Compiling Spark from Source

Kris_Corwin · June 27, 2020, 4:54pm

Thanks for the fast replies and encouragement.

To clarify, I think that big-data-basic bundle no longer includes Spark.

When following this tutorial a prerequisite step includes install of big-data-basic. However, the current documentation for all available bundles does not list Spark anywhere but buildreq-spark.
Even with fresh install, then following above tutorial, it appears an clr-update or install of big-data-basic will not populate the examples for spark in the /usr/share/defaults/spark pathway. This thread discusses suggested practices for keeping order/organization, partly responsive to any general question about documentation – and spark is one example.

doct0rHu requests clarification about the above on this thread.

With the announcements above, I made working assumptions that

a) Spark is no longer included or supported through swupd and
b) I could either try using the stacks from Docker or
c) compile from source, then move certain things over manually, where these “used to be” when swupd would install Spark.

b) above proved a bit rough because Docker Swarm did not play nice and easy with the image/stack provided by Clear on DockerHub. I did learn a lot, and even tried Kubernetes. I had fits of success, but ultimately since my use case is as described in the initial post on this thread, I moved back to “just Spark” on bare metal.

c) above works now, with the following hiccups

reboot of Spark Master means I have to run again the scripts for .start master and .start [script name omitted for sensitivity to pejorative different shade of meaning for same word] to connect workers
Rstudio (desktop) throws an error and won’t connect to Spark; so I spun up rstudio-server is up and I didn’t get to troubleshoot the error here because of 1.

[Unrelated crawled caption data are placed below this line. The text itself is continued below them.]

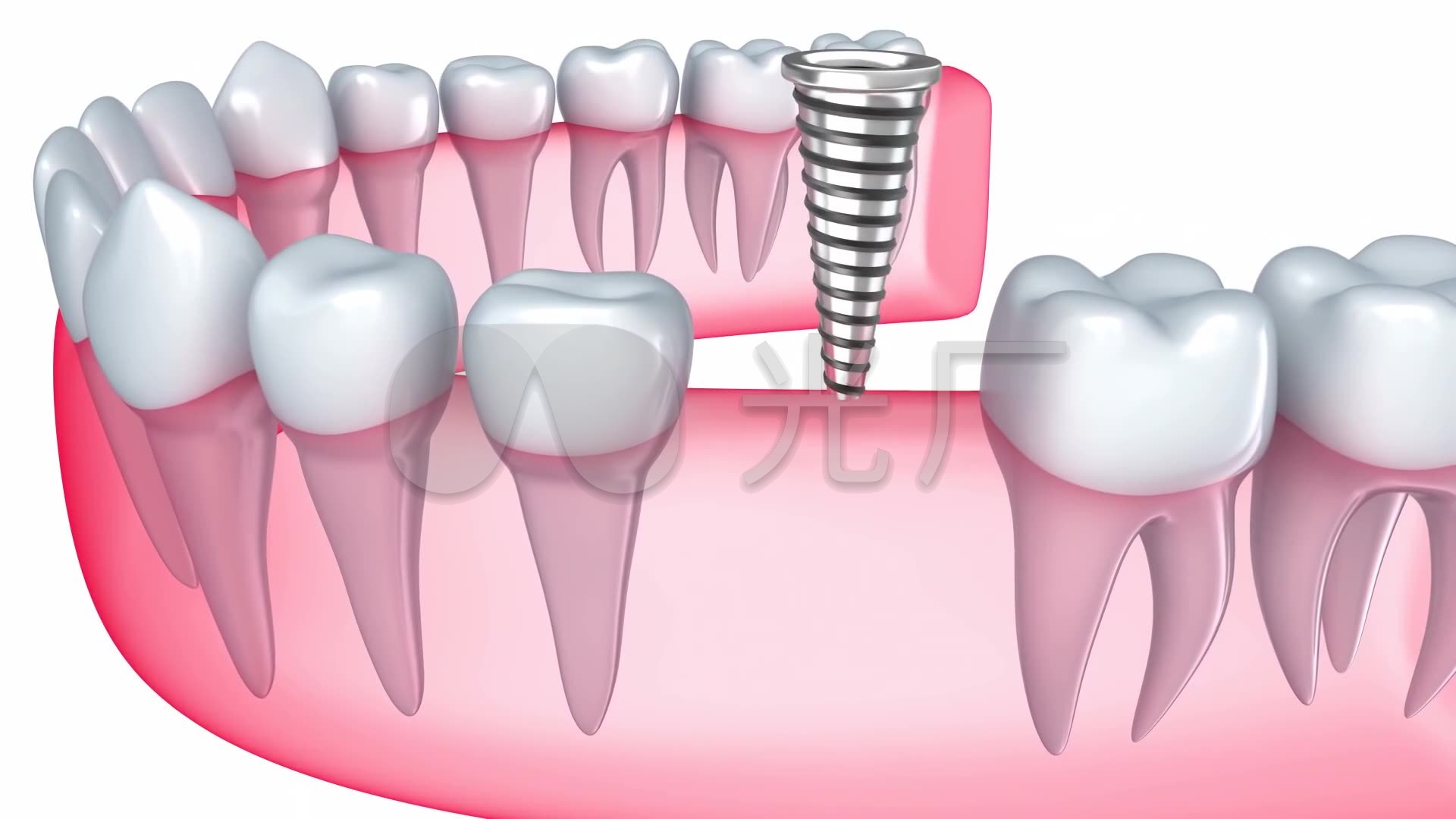 种植牙三维动画_1920x1080_高清视频素材下载(编号:)
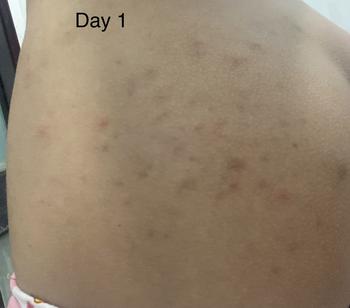 Product Review of Kem chấm mụn Mông mụn Lưng Molazin Skincare from n**₊ 0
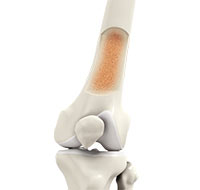 Knee Osteoporosis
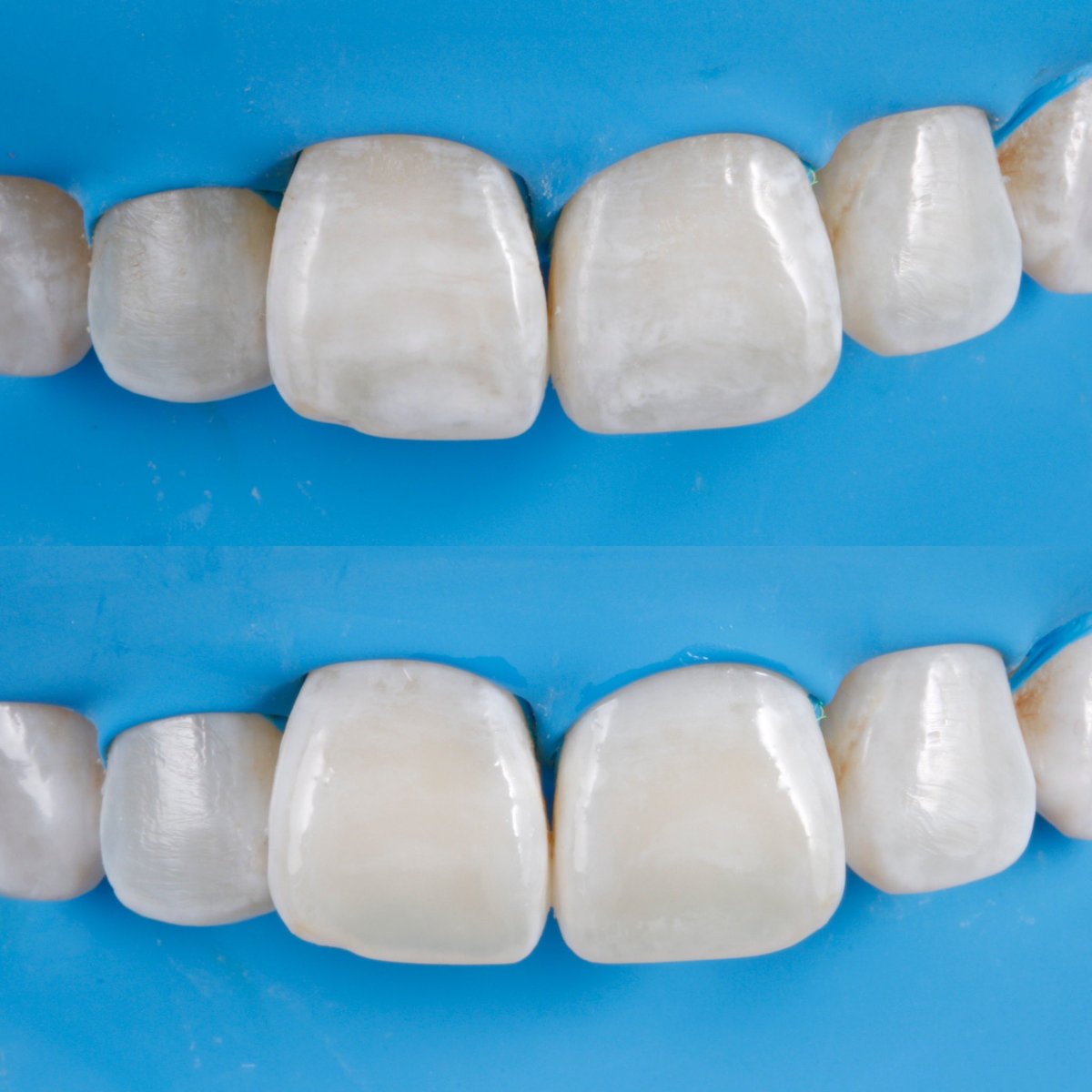 Caso de Odontología de mínima invasión ✨ 
ICON, resina infiltrante para manchas de hipomineralización en los dos centrales en tercio incisal 👌🏻✅

#sonrisa #dientessanos #odontologianoinvasiva #ICON #resinainfiltrante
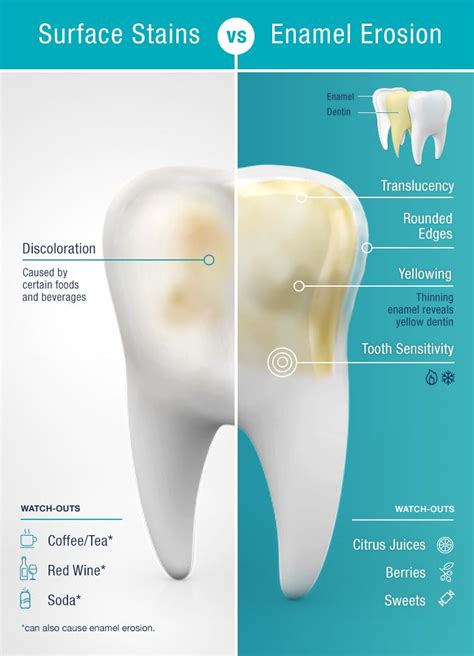 Stained Teeth Or Enamel Erosion Pronamel® Toothpaste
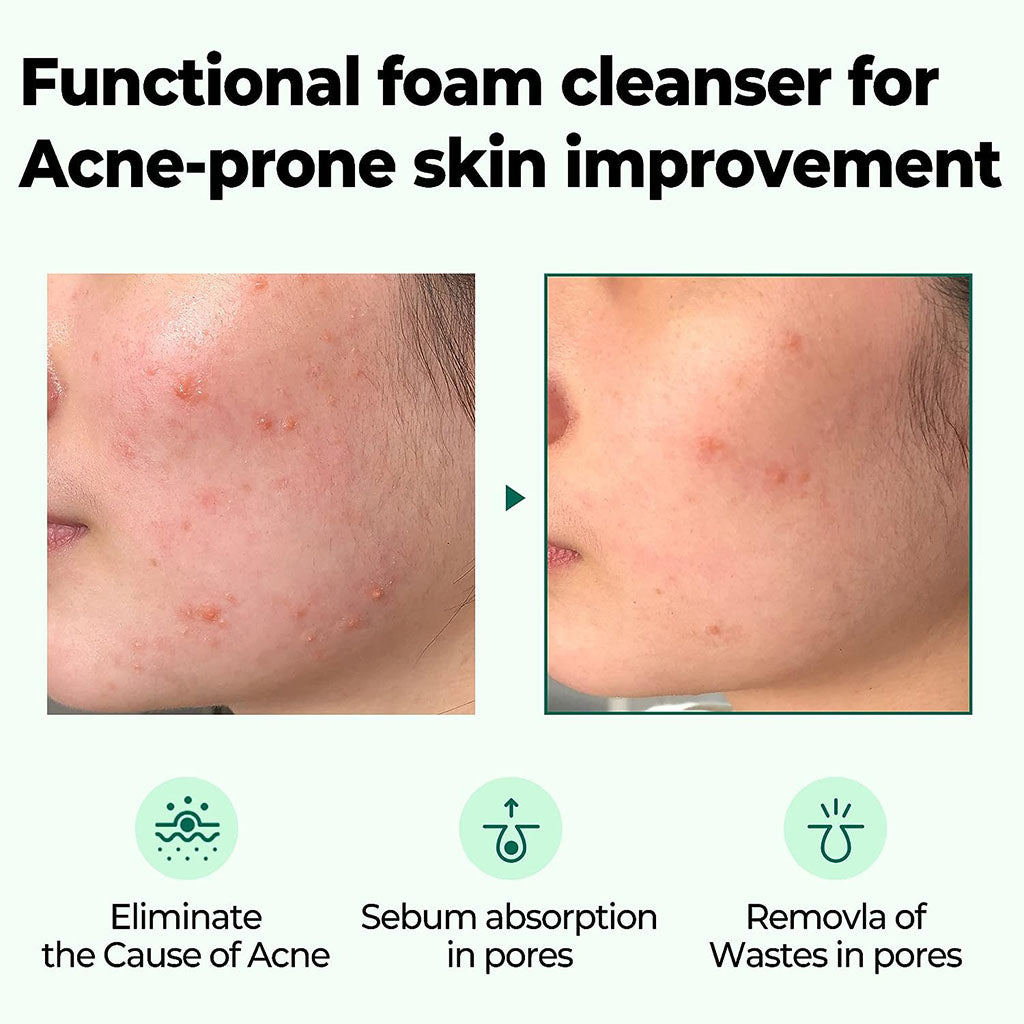 Some By Mi AHA BHA PHA 30 Days Miracle Acne Clear Foam Cleanser For Acne-Prone Skin 100ml - Easy Pharmacy LLC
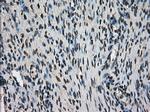 Ki67 Antibody in Immunohistochemistry (Paraffin) (IHC (P))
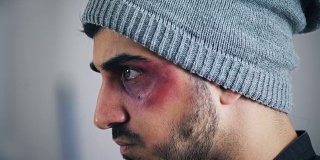 一个脸上受伤的年轻男子的侧面，特写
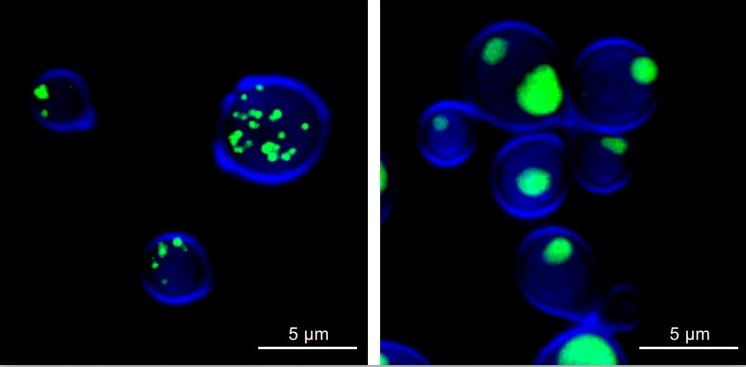 Side-by-side confocal microscopic image of Cryptococcus cells exposed to sertraline depicted by blue circles and green spots that are larger on one side than the other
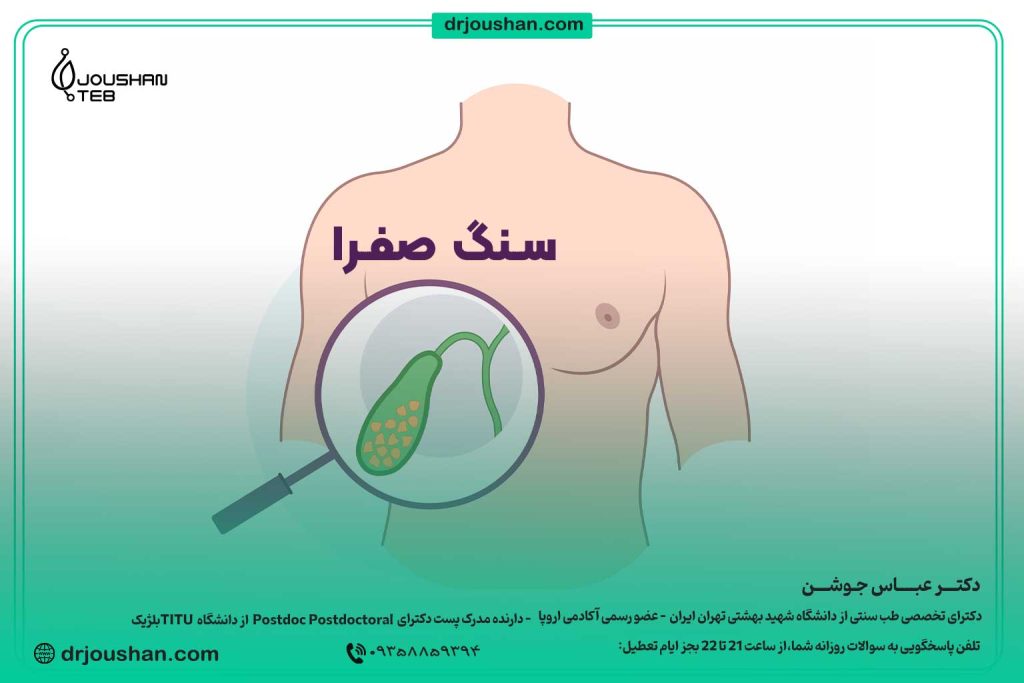 مراقبت-های-پس-از-عمل-سنگ-صفرا-دکتر-عباس-جوشن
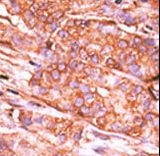 CTDSP2 Antibody - Formalin-fixed and paraffin-embedded human cancer tissue reacted with the primary antibody, which was peroxidase-conjugated to the secondary antibody, followed by AEC staining. This data demonstrates the use of this antibody for immunohistochemistry; clinical relevance has not been evaluated. BC = breast carcinoma; HC = hepatocarcinoma.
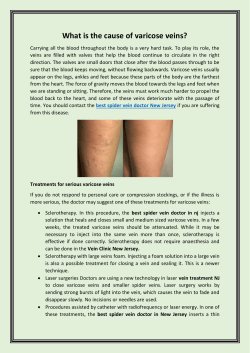 What is the cause of varicose veins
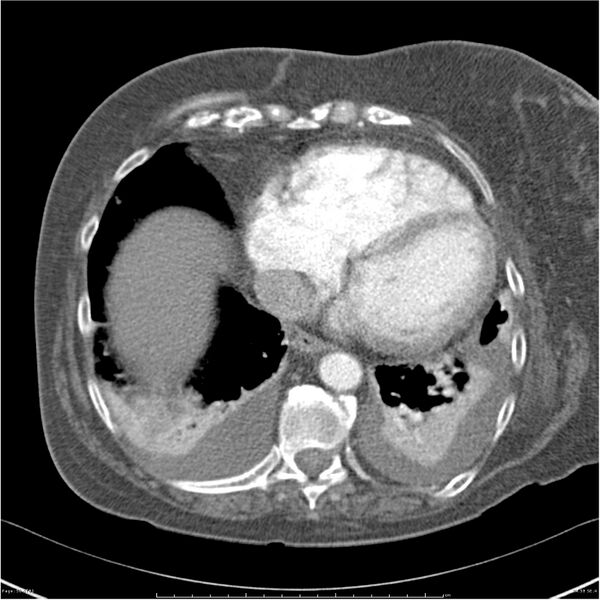 File:Acute-on-chronic pulmonary emboli (Radiopaedia 27925-28169 C+ CTPA 58).jpg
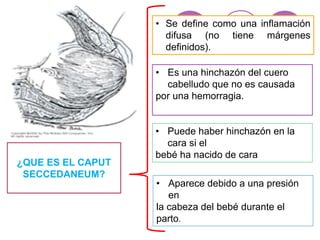 ¿QUE ES EL CAPUT
SECCEDANEUM?
• Se define como una inflamación
difusa (no tiene márgenes
definidos).
• Es una hinchazón del cuero
cabelludo que no es causada
por una hemorragia.
• Aparece debido a una presión
en
la cabeza del bebé durante el
parto.
• Puede haber hinchazón en la
cara si el
bebé ha nacido de cara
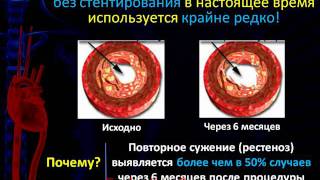 Коронарное стентирование преимущества и недостатки как можно улучшить результаты стентирования [upl. by Cleasta]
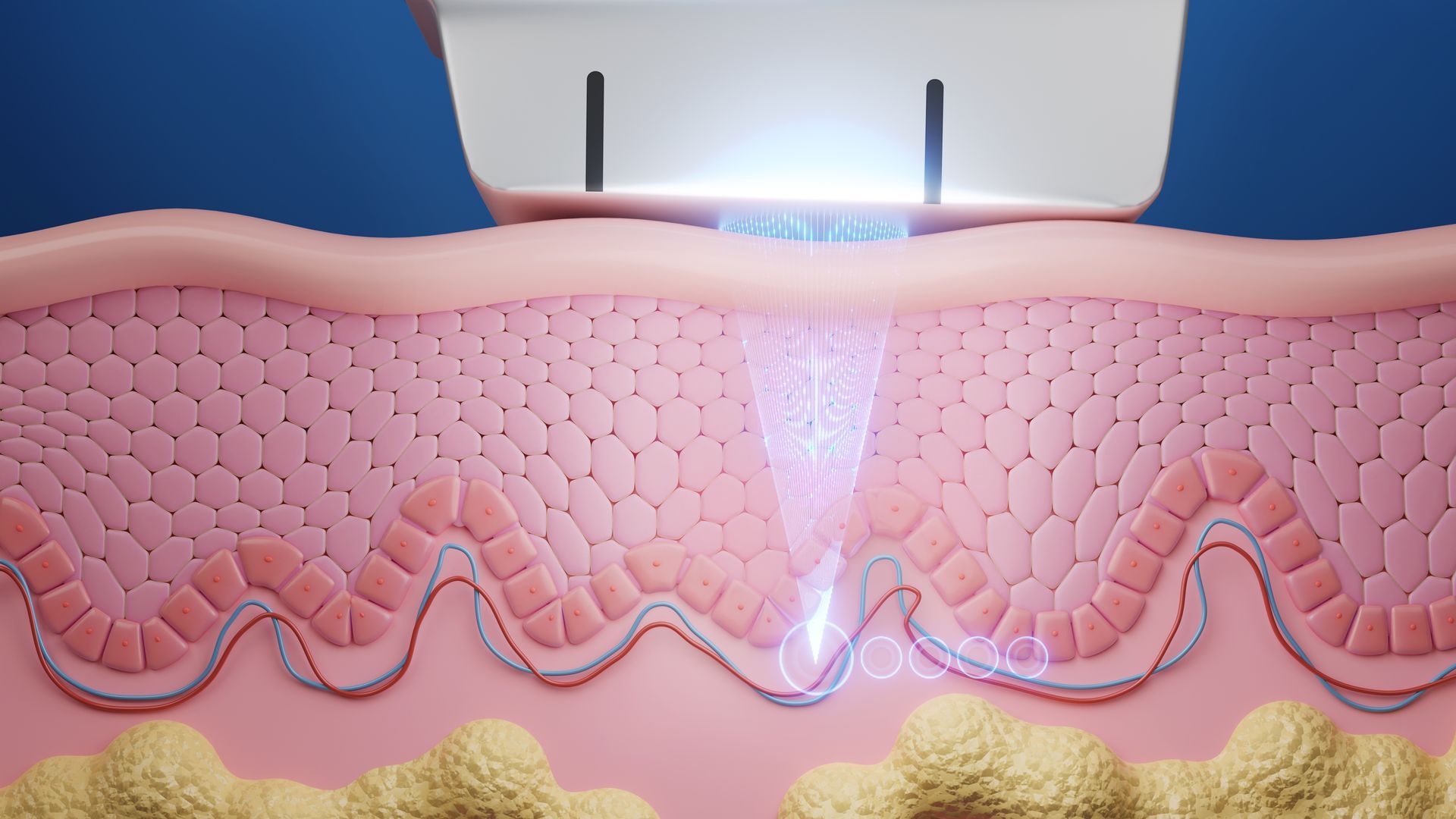 Schéma des effets des ultrasons sur la peau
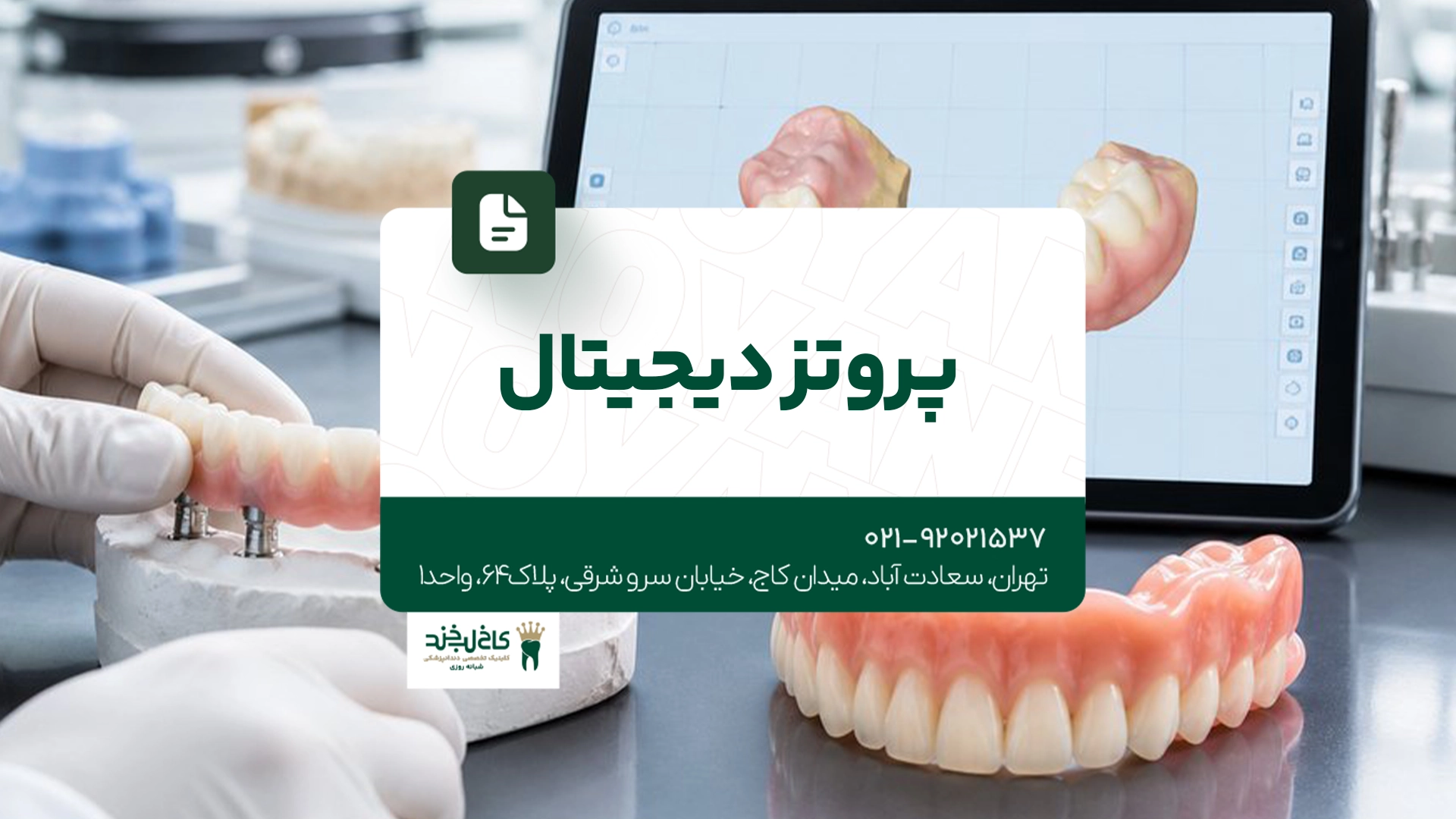 پروتز دیجیتال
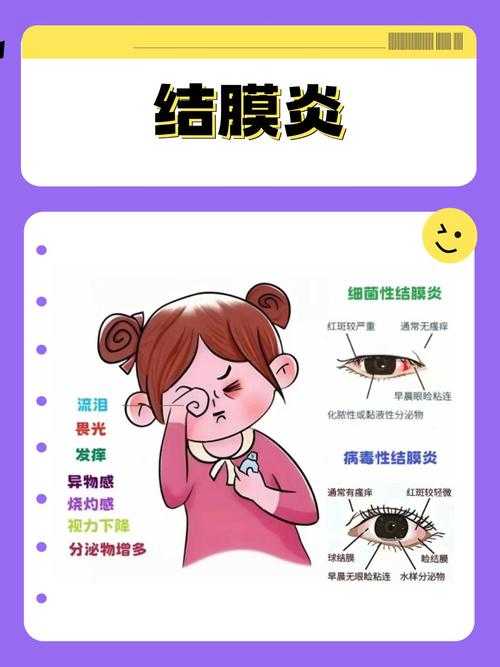 【新冠疫情期间上海优势流行株结膜炎应对策略及防控要点】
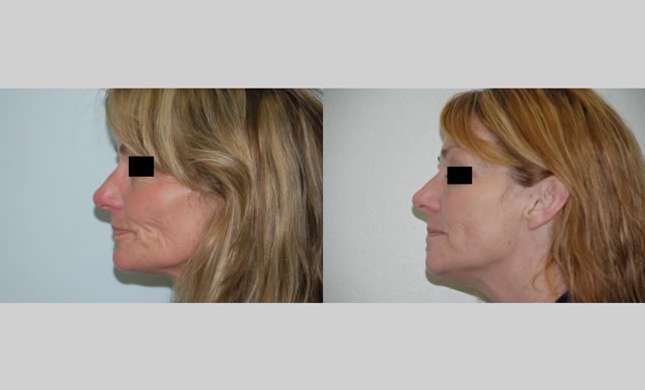 Facial Rejuvenation: Image #174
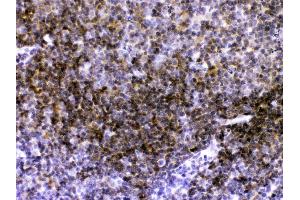 CD40/TNFRSF5 was detected in paraffin-embedded sections of mouse lymphaden tissues using rabbit anti- CD40/TNFRSF5 Antigen Affinity purified polyclonal antibody (Catalog # ) at 1 ? (CD40 antibody  (AA 20-193))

Also, any tips for tracking above and keeping tidy record of it. I wasn’t overstating how much I appreciate the community and existing documentation. It’s a ton of thinking and expertise provided at no cost. To supplement, I have these desk references as follows with title (author) my rating/utility:

Spark: The Definitive Guide (Bill Chambers) 8 of 10
Hadoop: The Definitive Guide (Tom White) 8 of 10
The Kubernetes Book (Nigel Poulton) 7 of 10
Mastering Spark with R (Javier Luraschi) 4 of 10
Docker Deep Diver (Nigel Poulton) 7 of 10
Ubuntu Unleashed (Matthew Helmke) 10 of 10
Kubernetes: A Step-by-Step Guide for Beginners (Sheldon Miles) 3 of 10

So, I look up whatever I can. But, I finally got stuck enough to ask. My docker/kubernetes journey pointed me back to “just do Spark on bare metal”.

Giving back/engaging more on my end:

Gently, I’d rate the Clear Linux tutorials as 5 of 10, the community posts 10 of 10, and documentation overall 2 of 10.
I’m happy to help share/describe more lessons learned, but don’t want to add noise or distraction.
None of this is a complaint, I only endeavor to figure out my problem(s) while helping others either avoid or leverage my hard headed DIY mistakes.
I used to use these quite a bit, but wanted Spark and not to pay out the nose for AWS. So, the Rstudio issues I think I can handle, once I get back there. Would be great to offer something to community like this, and maybe I could help?
Creating mixes and helping incubate a community-based 3rd party repo for bundles is something with chatter across the forum, and I’d be excited to be a part of that effort. I just don’t have real-world experience. But, I’d eagerly do what I could, and think I could help with maintaining, or just writing documentation.